In the research on self-powering of wearable devices, the research group of Professor Nie Shuangxi, led by Academician Wang Shuangfei of Guangxi University, recently reported a new type of visual tactile sensor that does not require external connections. Self-powered tactile feedback from the power supply. They designed a high-output triboelectric nanogenerator called X-TENG. Through the structural design of triboelectric materials and devices, the transferred charge of the TENG was enhanced to 746 nC, which can easily drive a light source to produce a brightness of 9.8 cd m -2 optical signal.

So what's the use? In the demonstrated application, this sensor can be used on the glove to visually sense the grasping state of the palm and provide force feedback without external power supply. For example, when the hand holds an object, X-TENG can generate The energy that powers LEDs, etc., feeds back the status of the current hand and the strength of the grip.
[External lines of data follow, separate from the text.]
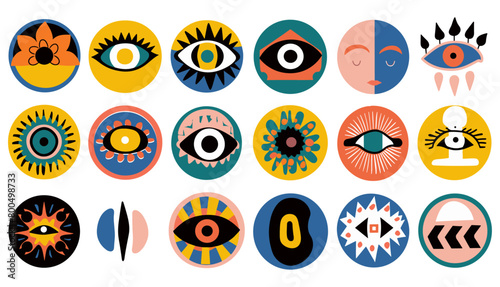 素朴な遊び心のある抽象的な形のステッカー パック。トレンディなレトロな 90 年代の漫画スタイルのグルーヴィーな円の楕円形の長方形のアーチ目タイポグラフィ。波状の幾何学的な要素を含むベクトル図。ブルータリズムの美学。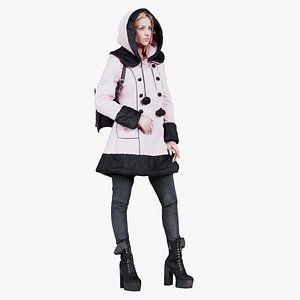 Woman in Pink Coat 01 Remastered 3D model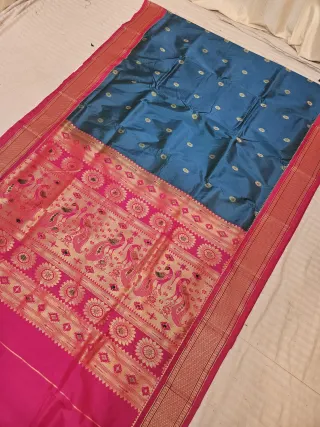 Peacock Blue Soft Silk Paithani Saree with Rani Pink KP Hand Meenakari Mor Pallu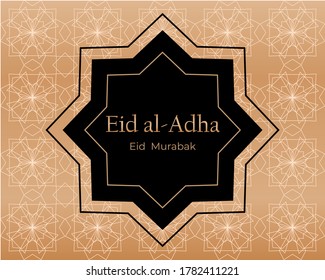 Eid Al Adha Mubarak gold greeting card vector design - islamic beautiful background with moon and golden text - Eid Al Adha, Eid Mubarak. Islamic illustration for muslim community festival celebration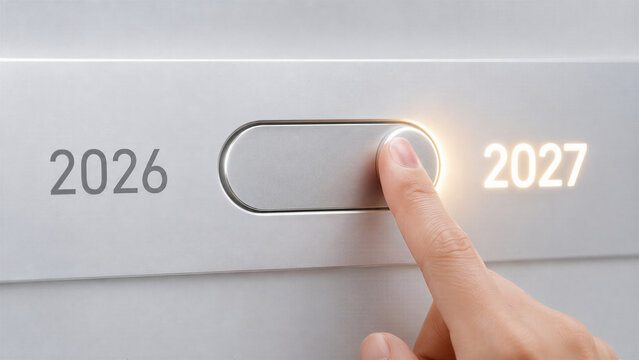 Hand turning switch from 2026 to 2027. Finger sliding toggle button to activate new year 2027. Year change, transition and new beginning concept for new year greeting card.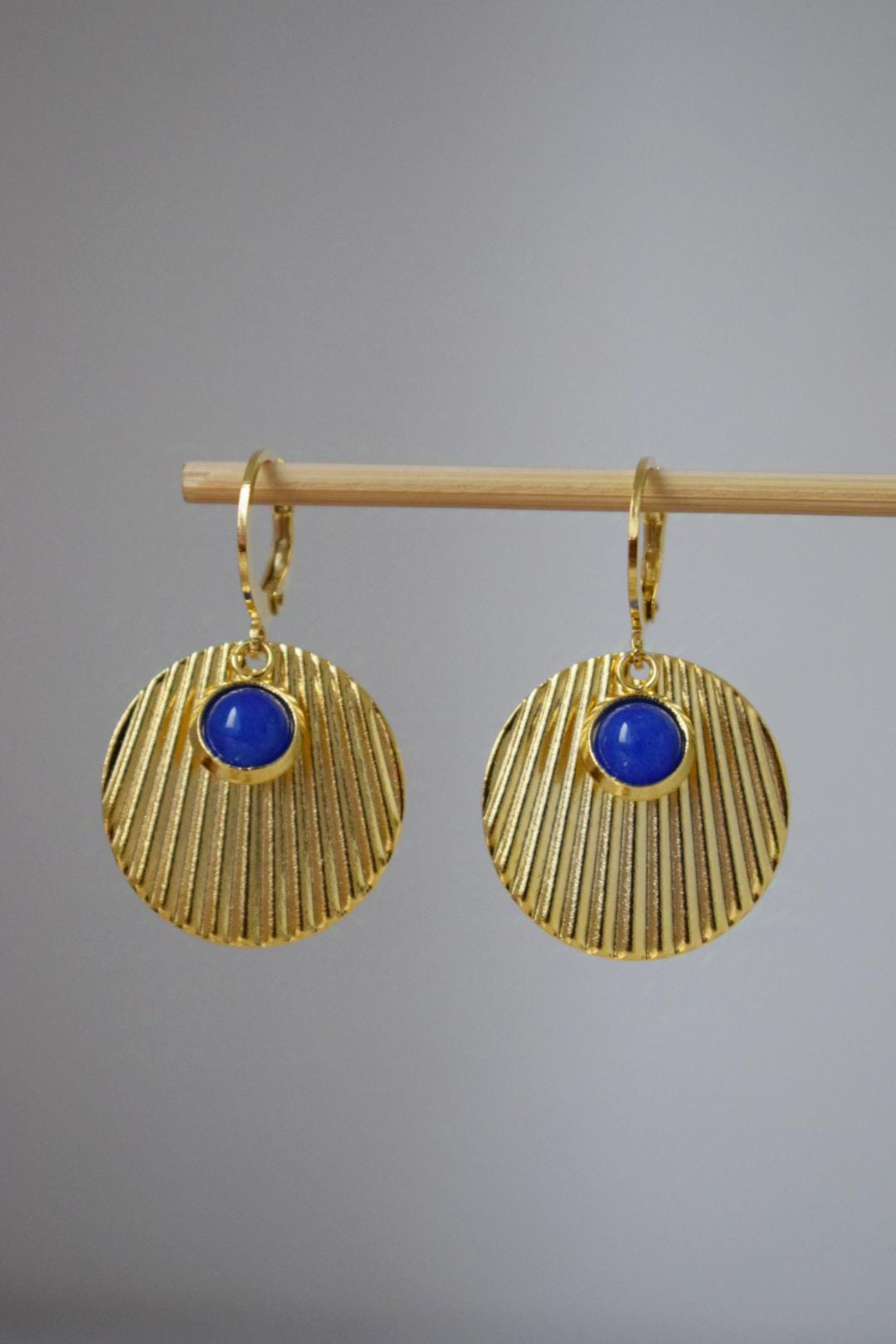 Blue jade earrings, Round disc earrings, 24k gold plated stainless steel earrings, Lightweight jewelry, Best christmas gift for her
It can also monitor movement intensity while generating electricity, which may have great application prospects in future human-computer interaction applications of wearable devices such as AR/VR.

In addition, a team from Northwestern Polytechnical University in China also reported a self-generated wearable sensor at the beginning of this year, which is a tactile hydrogel sensor (THS) based on a micro-pyramid pattern double-network ionic organic hydrogel. It also detects subtle pressure changes by measuring changes in triboelectric output signals and achieves self-power supply. Compared with other similar sensors, THS has the advantages of approximately 85% high transparency, high sensitivity, high flexibility, and high power density electrical output (peak value 20 µW/cm2), making this technology more suitable for wearable electronics. application.